The numbers are staggering. As of the date of this brief commentary, the World Health Organization has reported more than 4.6 million cases and upwards of 311,840 deaths worldwide from the COVID-19 pandemic. The virus responsible for the disease known as COVID-19, SARS-CoV-2, is highly infectious and the risks are clearly significant for nearly everyone. Nonetheless, the risk is much higher for some of us than for others. In particular, we have begun to understand the distinct risks faced by men with prostate cancer and the unique intersection of biological, health, and lifestyle factors in COVID-19 and prostate cancer. Although there is a great deal yet to be learned, there are indeed many aspects of the overlap between COVID-19 and prostate cancer that we have already been able to discern and which we have begun to address. Perhaps most striking, older men who are at greatest risk for prostate cancer may also be at greatest risk for COVID-19. 

New York City

Biology Makes a Difference – COVID-19 and prostate cancer share some common biological features. A gene responsible for male traits or characteristics, the androgen receptor, which is dysregulated or impaired in prostate cancer, is also important in COVID-19. Androgens can suppress the body’s immune response to infections and may explain the reason for higher rates of infection in men.  At the same time, a gene known as TMPRSS2 is also highly expressed in both COVID-19 and prostate cancer. In fact, these issues may be related—more androgens could signify greater expression of TMPRSS2 which could create greater susceptibility to the virus. These biological risks are compounded by a number of critical health conditions and lifestyle issues.
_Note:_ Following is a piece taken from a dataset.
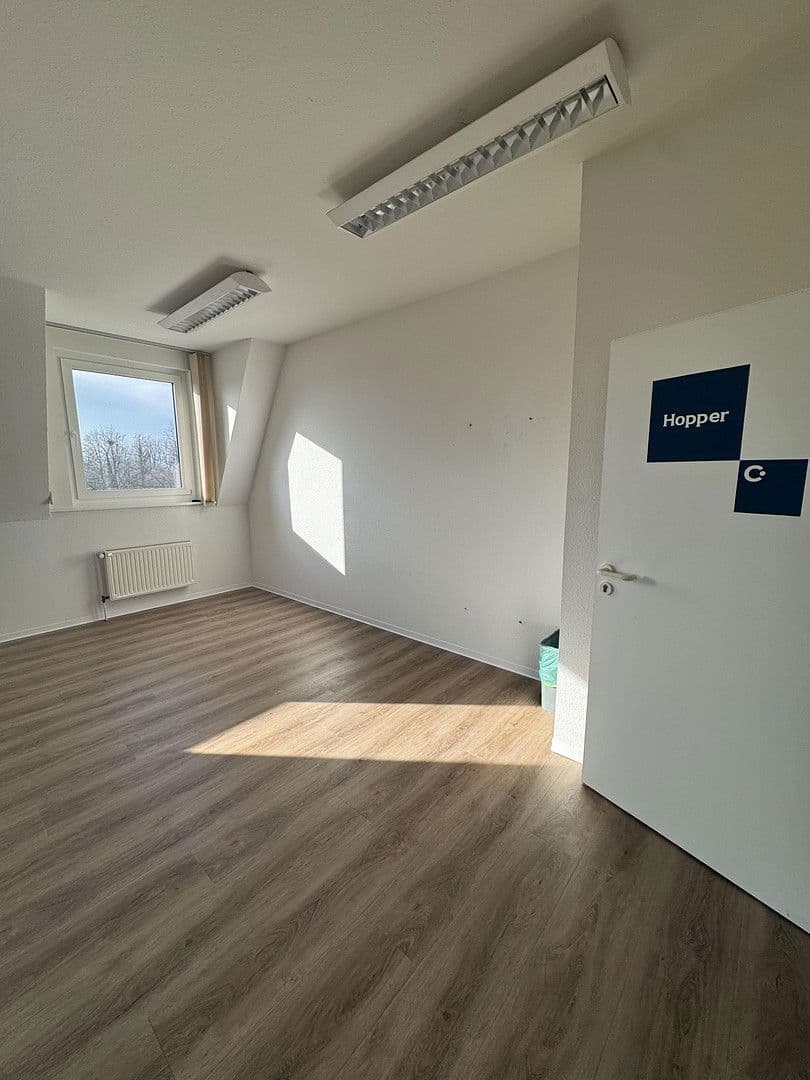 Pronájem kanceláře 117 m², Im Mühlenbruch 1, Königswinter, Severní Porýní-Vestfálsko Pronájem kanceláře 117 m², Im Mühlenbruch 1, Königswinter, Severní Porýní-Vestfálsko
Common Risk Factors – Studies from around the world have shown that several chronic health conditions or comorbidities create greater risk for contracting the virus, becoming more severely ill, or dying from COVID-19. It is indeed concerning that many of these are the same risks we see in prostate cancer: hypertension, diabetes, COPD, and obesity. Prostate cancer patients with multiple comorbid conditions may be at even greater risk. Cancer patients in general have weakened immune systems which makes them more vulnerable to infectious disease, further compounding the unique factors affecting men with prostate cancer. Some of the lifestyle factors that may contribute to chronic health conditions also appear to be risk factors for COVID-19 infection, most importantly smoking and high levels of alcohol consumption. We are especially concerned about men who are active smokers, as smoking has been clearly linked to worse outcomes in men who have become ill with COVID-19. We believe that the guidance we generally offer to prostate cancer patients is as, if not more, relevant now in this time of the COVID pandemic—adopt healthy habits, including smoking cessation, a nutritious diet, exercise, and proper management of chronic conditions most notably diabetes.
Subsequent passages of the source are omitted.